RPMEC cytotoxicity after culture in conditioned medium from cytomix-stimulated RPMSMCs. To determine whether RPMEC cytoprotectivity conferred by RPMSMCs was due to the elaboration of stable soluble mediators, RPMSMCs were stimulated with control media, cytomix, cytomix plus L-NMMA, or L-NMMA alone for 24 h. The media were then aspirated, any detached cells were pelleted, and the media were applied to ECs plated onto plastic 3 h earlier. Supernatants were harvested 24 h later for nitrite and nitrate analysis and gamma counting.

Cytomix-induced cytotoxicity in RPMECs cultured on RPMSMC extracellular matrix or fixed layers of RPMSMCs. To determine whether RPMEC cytoprotectivity conferred by RPMSMCs was mediated by RPMSMC matrix or surface antigens, matrix and fixed layers of RPMSMCs were prepared as below, RPMECs were plated at 5 × 104 per well, allowed 3 h to adhere, and then stimulated with cytomix or control media. Supernatants were harvested 24 h later for nitrite and nitrate analysis and gamma counting.

RPMSMC extracellular matrix (ECM) was prepared as described (7). RPMSMCs were plated into 12-well dishes at confluent density and returned to the incubator for 48 h. The dishes were then rinsed with PBS, the cells were removed with 0.5% Triton X-100 in MilliQ water for 15 min at room temperature, and the residual ECM was rinsed three times with sterile MilliQ water. The dishes with ECM were then either used immediately or stored for up to 4 h in PBS at 4°C.

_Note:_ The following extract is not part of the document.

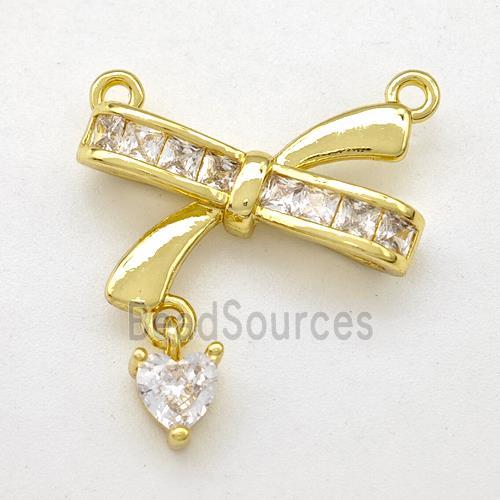 Copper Bow Pendant Pave Zirconia 2loops Gold Plated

Paraformaldehyde-fixed RPMSMC layers were prepared by plating and rinsing RPMSMCs as described in Cell Culture, followed by application of freshly prepared 4% paraformaldehyde in PBS for 15 min at room temperature. The layers were then rinsed with PBS and incubated with 0.1% glycine in PBS for 5 min at room temperature to quench unreacted paraformaldehyde, following which the layers were rinsed three times with PBS and either used immediately or stored for up to 4 h in PBS at 4°C.

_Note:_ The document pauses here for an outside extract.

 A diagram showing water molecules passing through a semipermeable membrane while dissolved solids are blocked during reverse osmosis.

Methanol-fixed RPMSMC layers were prepared by plating and rinsing RPMSMCs as described in Cell Culture followed by fixing with 4°C methanol for 10 min. The layers were then rinsed three times with PBS and either used immediately or stored for up to 4 h in PBS at 4°C.

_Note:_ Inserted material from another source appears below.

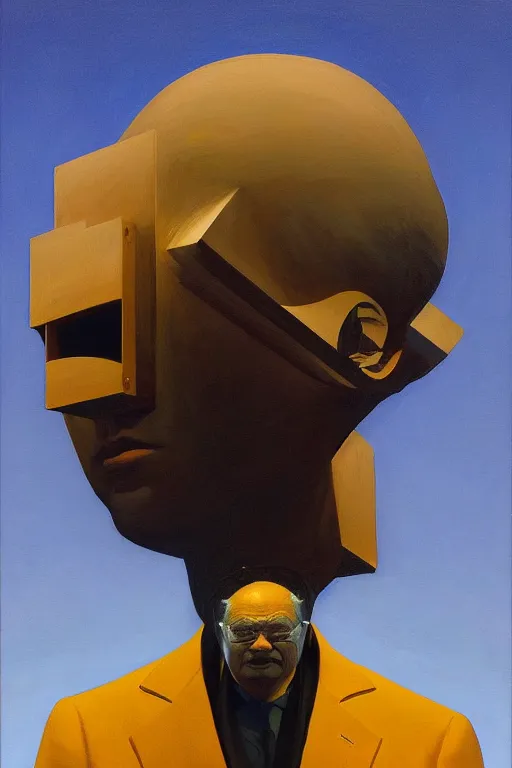 Image similar to sathoshi nakamoto wearing oculus and bitcoin over his head edward hopper and james gilleard, zdzislaw beksisnski, higly detailed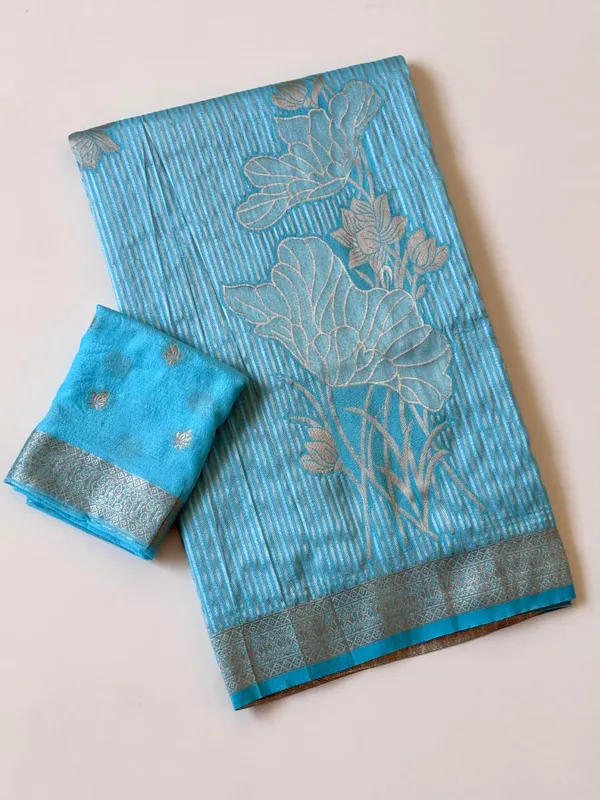 Sky_Blue_Jambo_Floral_Georgette_Saree_With_Silver_Golden_Jacquard_Weaving_Rich_Pallu_Unstitched_Blouse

To try and identify cell surface receptor/ligands mediating the cytoprotection, the fixed cell matrix studies were repeated with antibodies directed against TGF-beta , L-selectin, sialyl LewisX, sialyl LewisA, beta 2-integrin, VLA-4, laminin, fibronectin, and collagen. Antibodies were applied at the minimum dilution recommended by the vendor or empirically at 100:1 if no suggestions were given in PBS with 0.1% BSA overnight at 4°C. The antibody solutions were then aspirated, the layers were rinsed once with PBS, and 51Cr-loaded RPMECs were plated onto them and stimulated with cytomix as in Cytomix stimulation of RPMECs and HPMECs on tissue culture plastic. The antibodies were chosen based on commercial availability and vendor reported cross-reactivity with rat antigens, with the exception of the Lewis antibodies where rat binding had not been specifically documented.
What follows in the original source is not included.